Your marketing communications must adapt as radically as your operations so you can emerge stronger and faster in the post Covid-19 travel world. Mirjam Peternek- McCartney, founder and CEO at Lemongrass Marketing shares her ideas on what message your marketing should be saying during these challenging times.
One question asked of me day after day is “when should I start marketing again?”
How can we justify spending money on marketing when there seem to be so many unknowns? Even professional forecasters can only see 400 days into the future. What hope for the rest of us!
When there is little or no revenue, when coming out of lockdown might be even more difficult than going in, what do we do? Preserve cash by stopping marketing communications or do we invest in the future? When should we start? Where should we put our money? What should we prioritise?

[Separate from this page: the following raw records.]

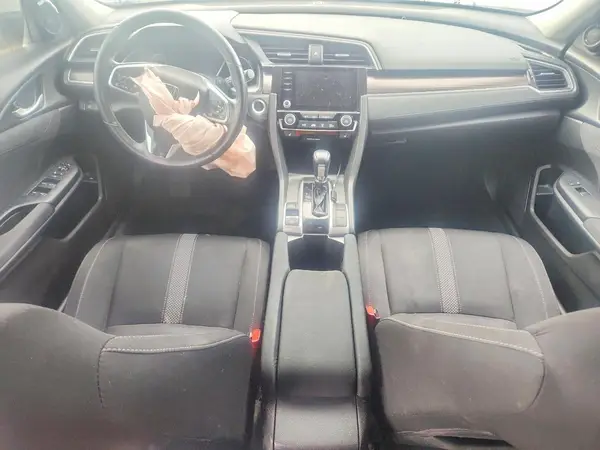 19XFC1F30KE000535 2019 HONDA CIVIC - Image 8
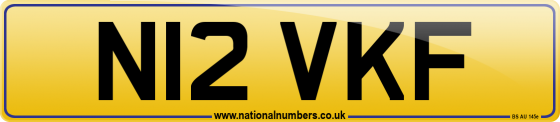 N12 VKF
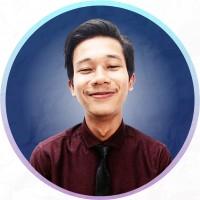 Amirul Faris, photo 2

Knowing when to communicate is the first challenge. The beginning of the period saw a flurry of messaging giving practical insights on how businesses were affected and what that meant for customers. Relevant then. But as the weeks pass and the majority of hotels have been closed for a prolonged period the messaging and its frequency needs to change.
As we face the easing of lockdown measures now is the time for marketing comms to kick back in. We advise closely monitoring the political situation in your domestic markets and vitally the situation in your top 2-3 key international markets. As soon as lockdown measures are eased in those countries marketing needs to resume at a depth that is sufficient to penetrate the market.

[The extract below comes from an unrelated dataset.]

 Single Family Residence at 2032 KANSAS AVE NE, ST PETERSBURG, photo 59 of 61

Who to talk to…and why: This is almost the most important point! Realistically we know many brands will be facing reduced budgets and inevitably will have to achieve a higher ROI to overcome the difficult trading conditions.
Our advice is to invest in reliable data-driven customer research and then develop a marcomms plan based on that data. Gut instinct and vanity PR no; precise and detailed analysis of customers, yes.
Here is an example from the clients we are implementing data-driven campaigns for at the moment. Recent data we analysed for the Leipzig Tourist Board revealed ‘active and cultural travellers’ have a far longer customer journey than millennials. We also revealed by mining the data (marketers are becoming more like data scientists without a white coat) that millennials are much less risk-averse and have the highest propensity to travel soon after lockdown restrictions are lifted. This data led us to advise the Leipzig Tourist Board to focus initially on those ‘quick win audiences’ who we know are more spontaneous and likely to travel earlier. A fully integrated, multi-channel, multi-market campaign targeted at these “quick win audiences” is the best way to drive revenue back into the city as soon as restrictions are being lifted.
Know thy audience
Countless studies show that one of the most important things travel brands can do during a crisis is to ensure they have a solid understanding – underpinned by data- of who their new audiences are, which nationalities are more likely to travel and the best channels to market to them.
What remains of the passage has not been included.